Now, I’m not saying that MAD is the ultimate ingredient for peace in any situation, but its success in keeping the US and USSR from annihilating each other (and in the process, the world) and its prevalence in nature are evidence of its potential.
My Kung-Fu teacher told me a story today about his old master, Richard Ratzkoff, who had an appointed fight against a fellow martial artist, nicknamed (or otherwise called) “Duke”. When Richard came to Duke’s dojo, he bowed. Duke bowed back accordingly, and a split second later, was in mid-air, fist outdrawn, aiming at Richard’s face, missing it by a fraction. Richard evaded the blow a tiny moment before recieving a knock-out fist.
Right after this single attack, Richard and Duke turned to face each other, bowed again, shook hands, and parted, the melee drawn to a close right there and then. Richard said that when he parried Duke’s blow, he noted in that instant that should that man succeed in striking him, he would be done for. Duke later revealed that at that moment, he came to the realization that Richard just evaded his most powerful, most agile, and fastest attack, and he would never be able to exceed it.
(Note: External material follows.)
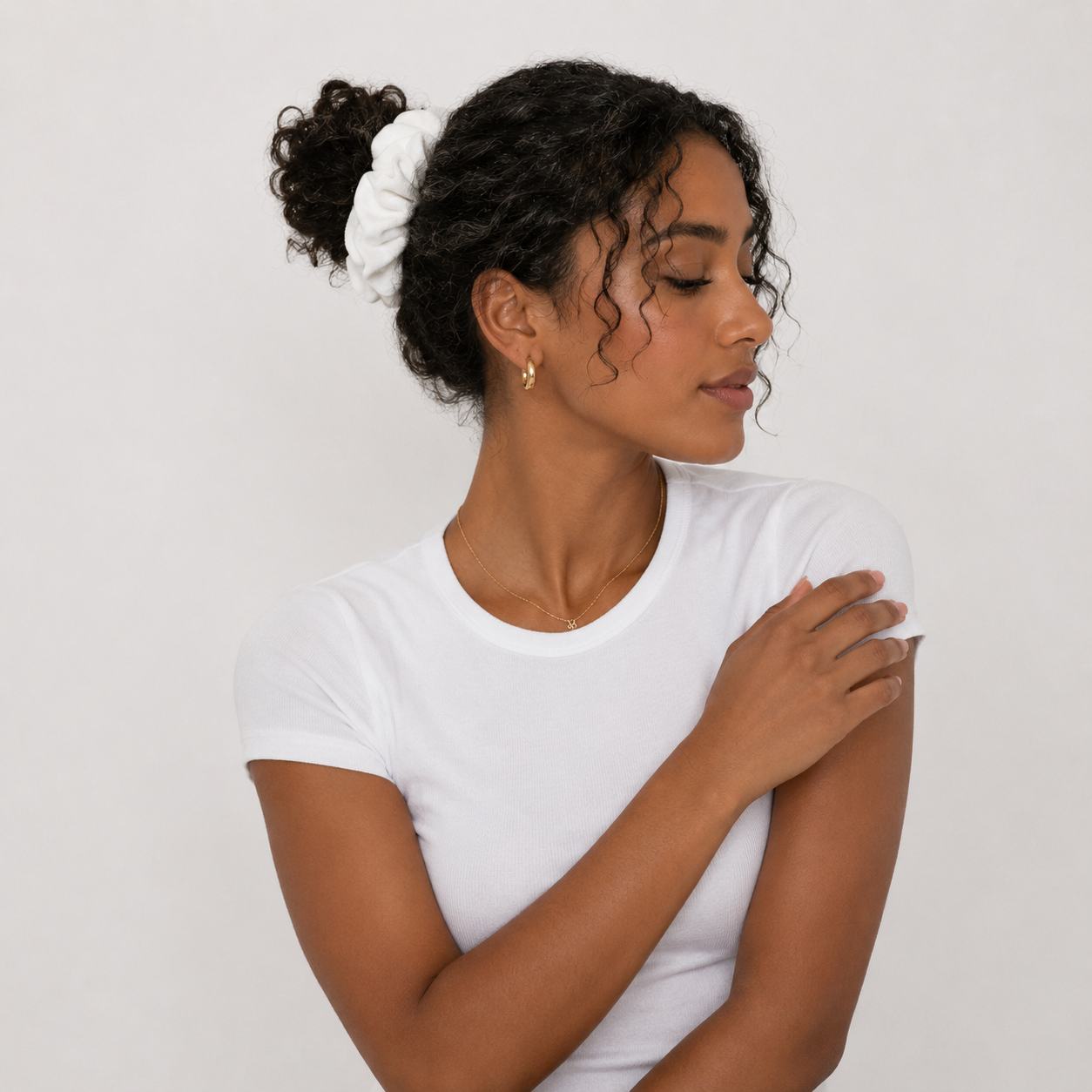 Scrunchie White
So the two hardened warriors accepted their opponent as worthy, and came to terms with the fact that none of them could leave this battlefield without irreparable harm.
So they chose non-aggression as a better option. I see this event as a beautiful analogy to the Cold War – two warlike giants, hardened, natural-born fighters, having witnessed each other’s prowess as warriors – concluded that a clash between them will be disastrous for both.
When I heard the story, I immediately thought of similar skirmishes in nature, for example, in stags. Some stags possess exceedingly large horns, and in many occasions, when fighting for mates or territory, conclude their fighting with both parties unharmed (or at least, alive), after coming to the realization that either party will have too much to lose by winning that fight.
So nations, grand masters and stags make their calculations similarly.
The theory collapses when you let madmen who don’t invest a great deal of thinking do the fighting. These are the kind of people who would go headlong into a fight, oblivious to whether they win or lose, but it appears that even the most dedicated warriors (as Richard and Duke obviously are) make rational considerations when they enter a conflict.